The projects identified for Recovery Act funding are being developed now or scheduled to be initiated or undergo environmental review in the next two years. The Act increased the amount of money BPA can borrow from the U.S. Treasury. BPA must repay the money to the U.S. Treasury with interest.
Transmission enhancements include four major reinforcement projects totaling approximately $1 billion, including the McNary-John Day line. Combined, these transmission line projects would add more than 220 miles of lines to the Northwest transmission grid. Three of these projects are currently undergoing extensive public and environmental processes.

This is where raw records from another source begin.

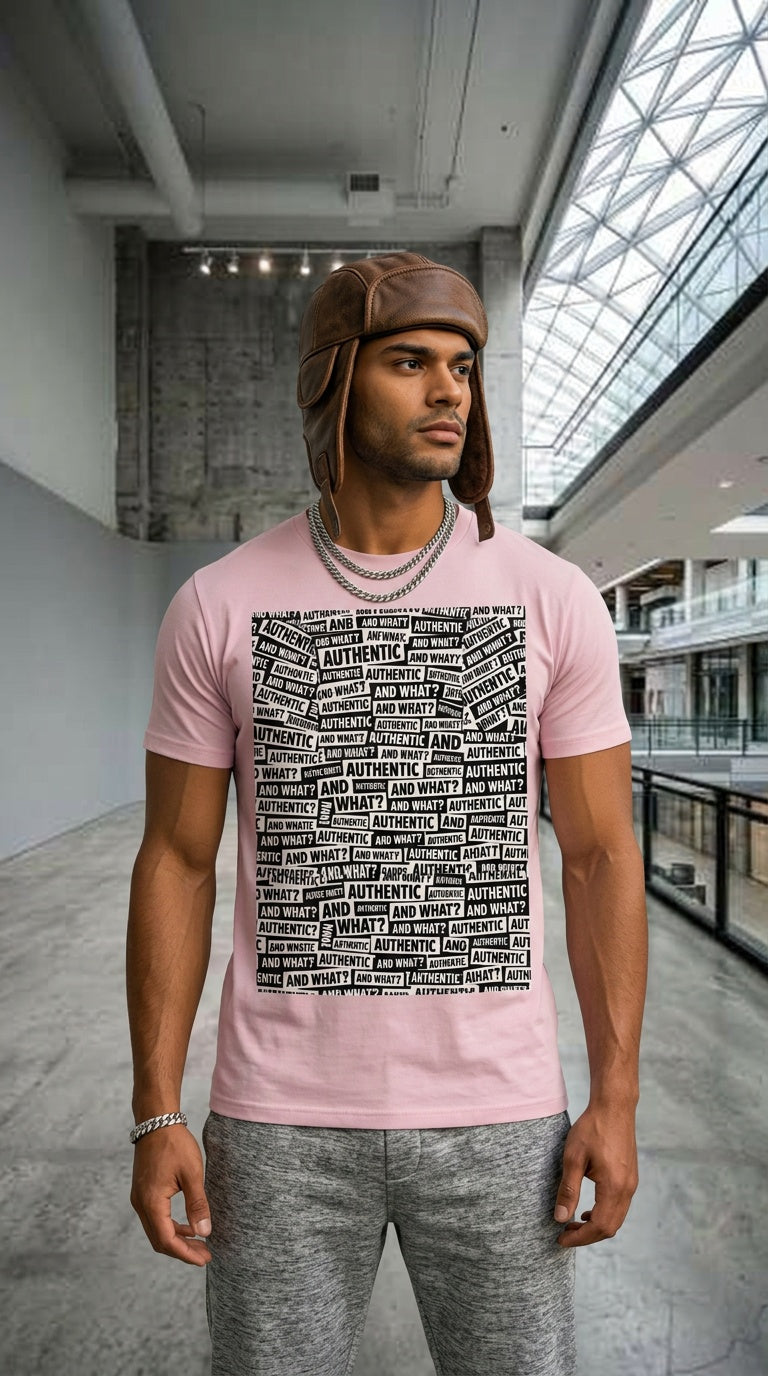 MENS 'AUTHENTIC'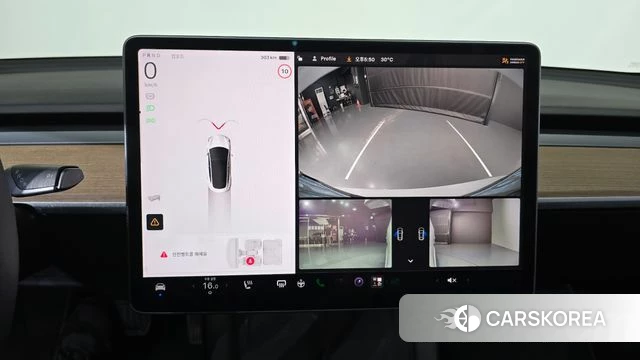 Tesla Model 3 2022 Белый из Кореи, фото 5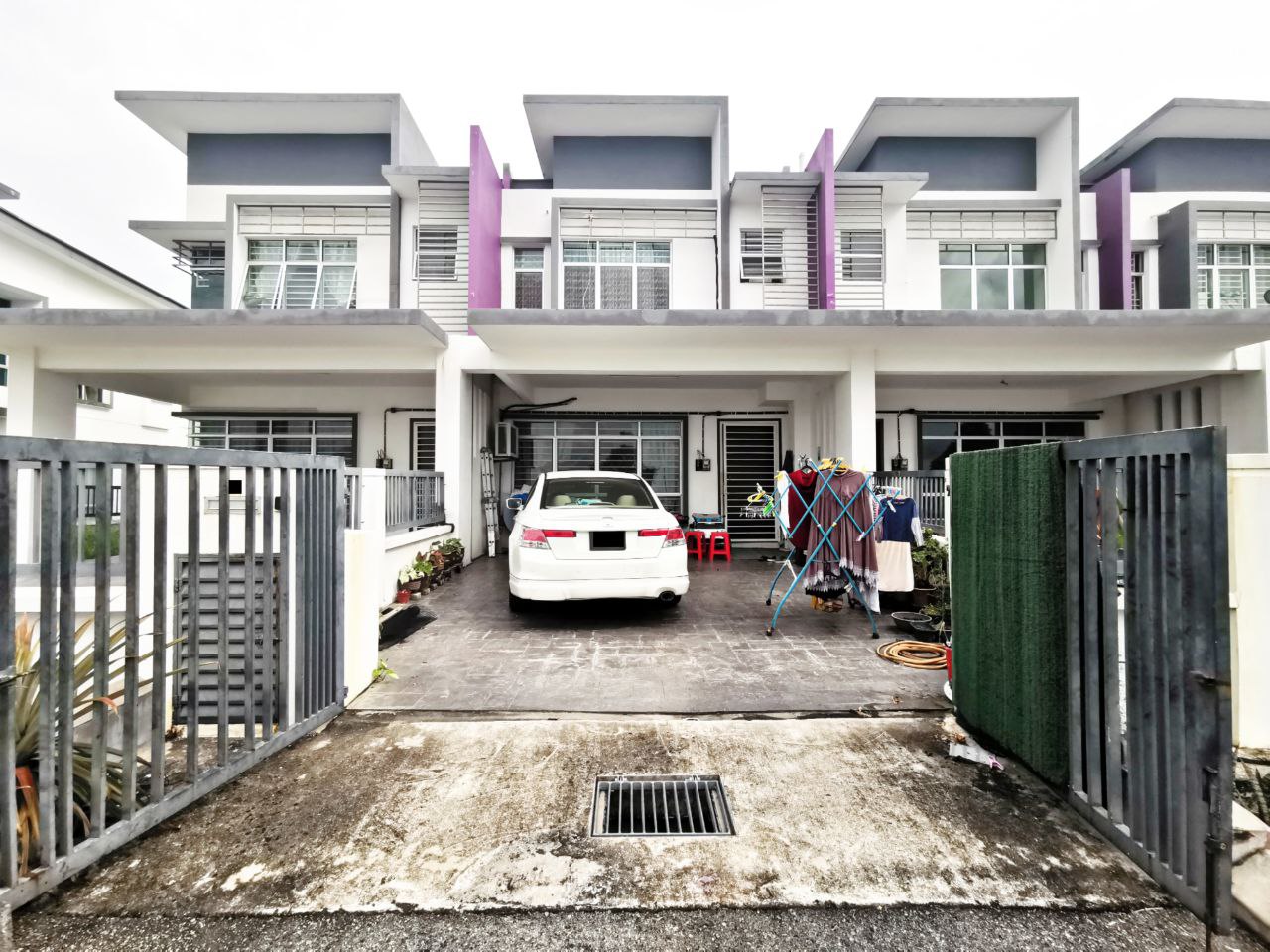 2 storey Bandar Hillpark Type Meranti Puncak Alam - photo 6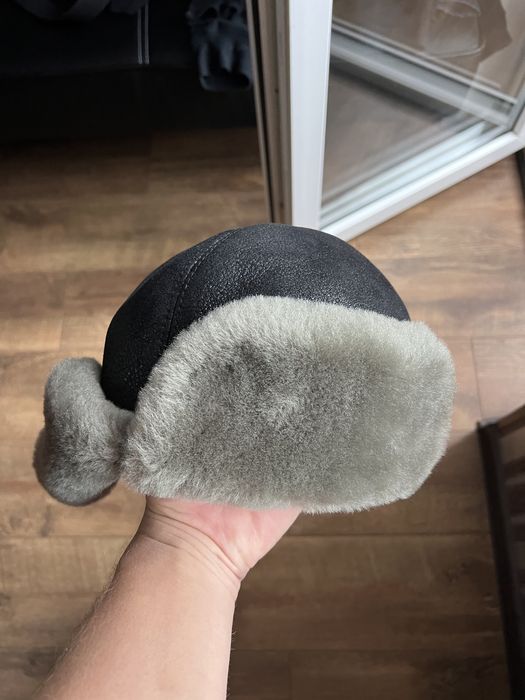 Дубленка мужская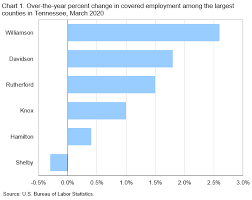 The health of a city has many different factors. County Employment And Wages In Tennessee First Quarter 2020 Southeast Information Office U S Bureau Of Labor Statistics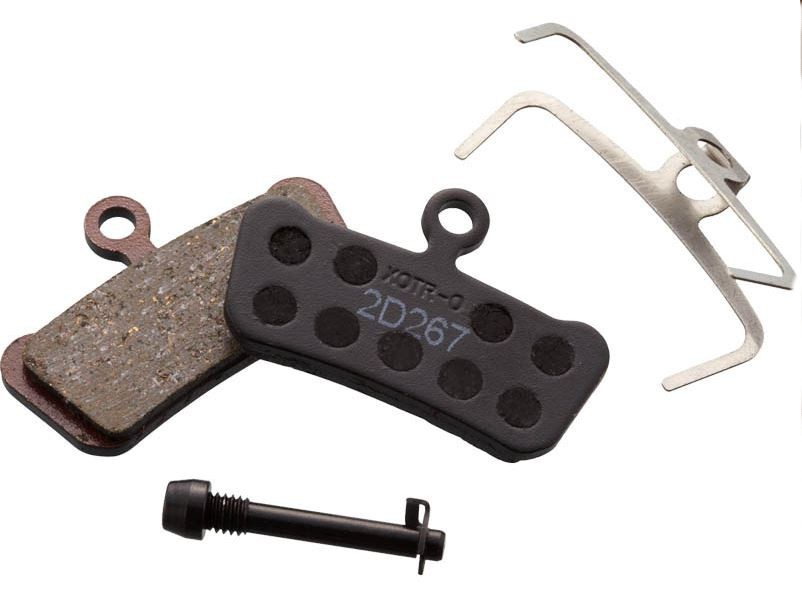 Paire de Plaquettes Organiques SRAM GUIDE/AVID ELIXIR Trail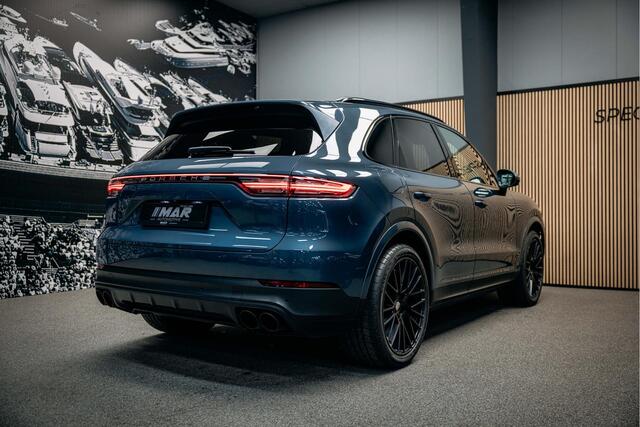 Porsche CAYENNE 2.9 S | Sport Chrono | Luchtvering | Bose | Sportstoelen | Stoelverwarming en verkoeling |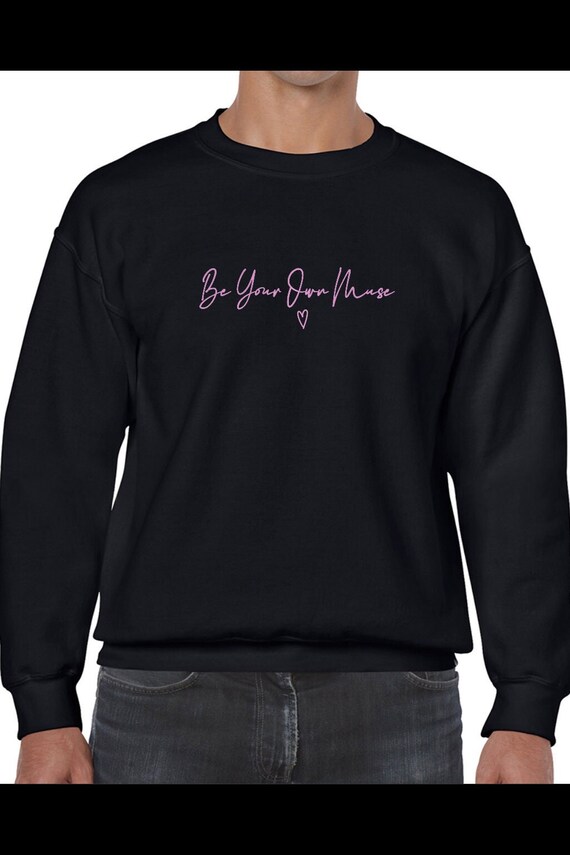 be your own muse t shirt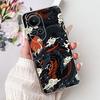 For Oppo Reno 10 5G Case CPH2531 Luxury Fashion Painted Cover Soft Slim Phone Case For Oppo Reno 10 Pro Plus Reno10 Pro+ 5G Bags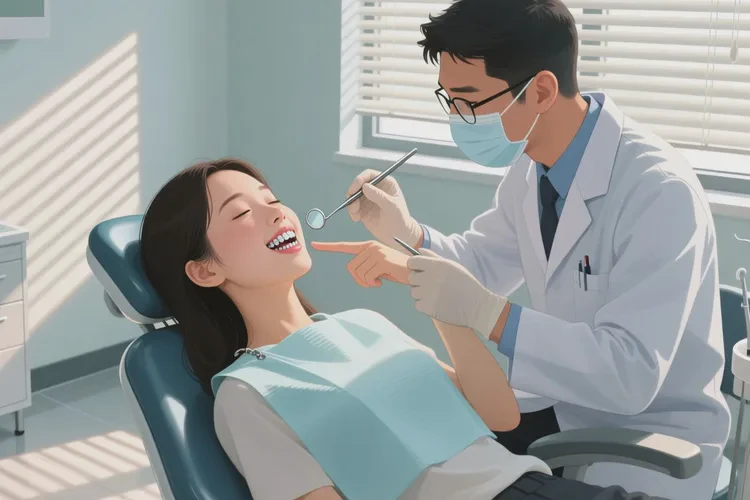 正畸牙齒搖動(dòng)最簡(jiǎn)單三個(gè)步驟(圖3)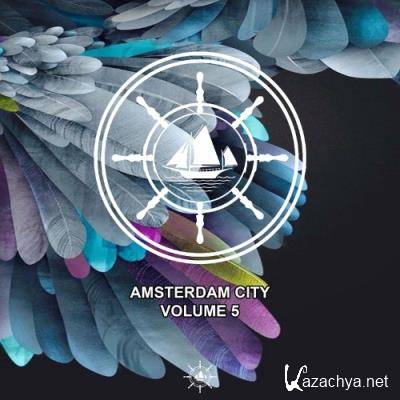 Amsterdam City, Vol. 5 (2022)
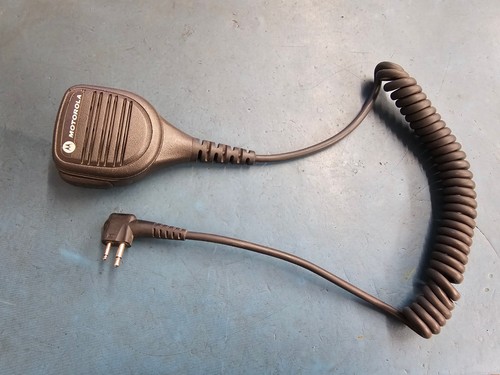 Motorola pmmn4013 pin fist - motorola, 2-pin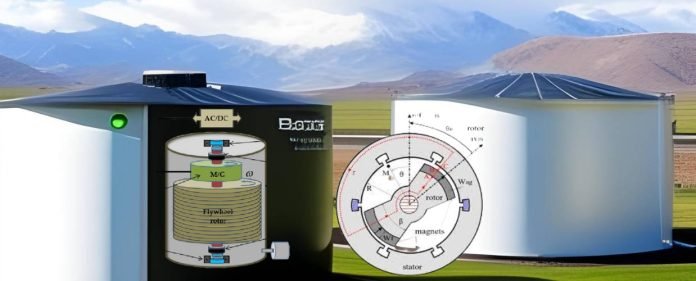 Flywheel Energy Storage A Revolution in Storing Kinetic Power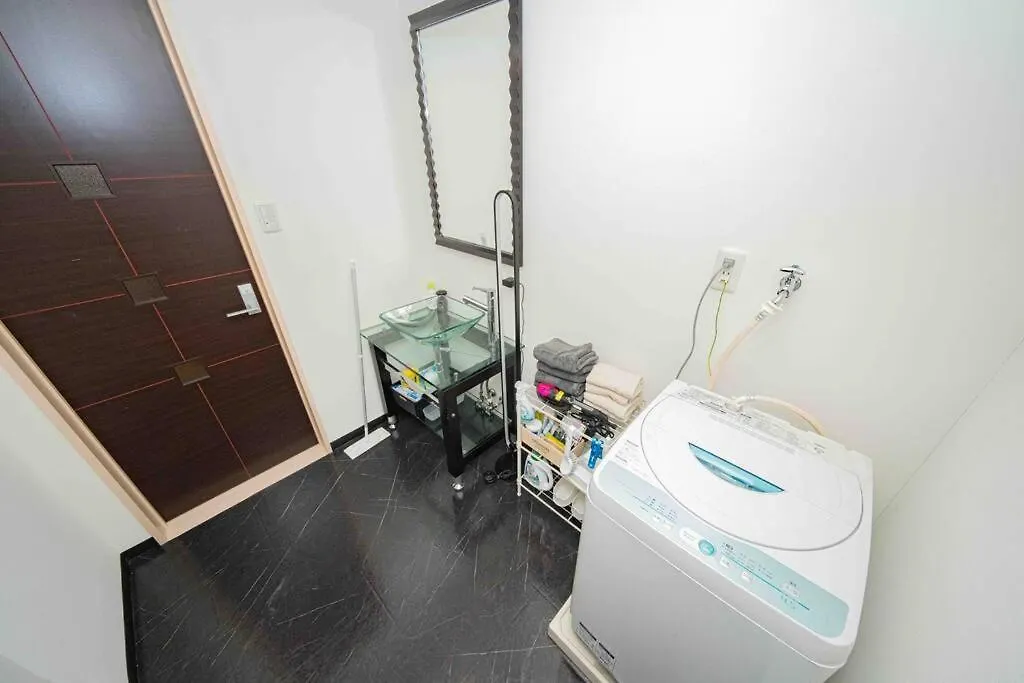 メルシアター鈍色の風・最上階デザイナーズルーム Apartman Oszaka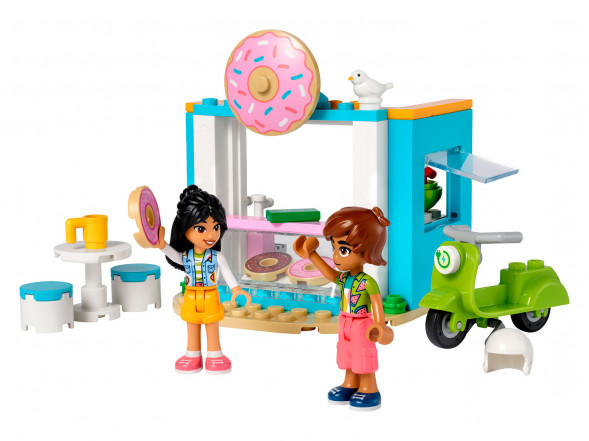 Конструктор LEGO Friends 41723 Магазин пончиков в Архангельске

BPA will fund additional work totaling approximately $585 million of upgrades, additions and replacements to its existing transmission system.
The proposed transmission enhancements also include BPA’s recently announced I-5 Corridor Reinforcement Project, which is currently undergoing environmental review. If built, that line would meet growing local and regional energy demands and help bolster BPA transmission system to accommodate energy deliveries, including wind power. If BPA builds all three lines under consideration, in addition to the McNary-John Day project, the lines would allow BPA to provide firm transmission service to about 3,881 megawatts of requests for new transmission service, including 3,138 MW of additional wind integration and green energy.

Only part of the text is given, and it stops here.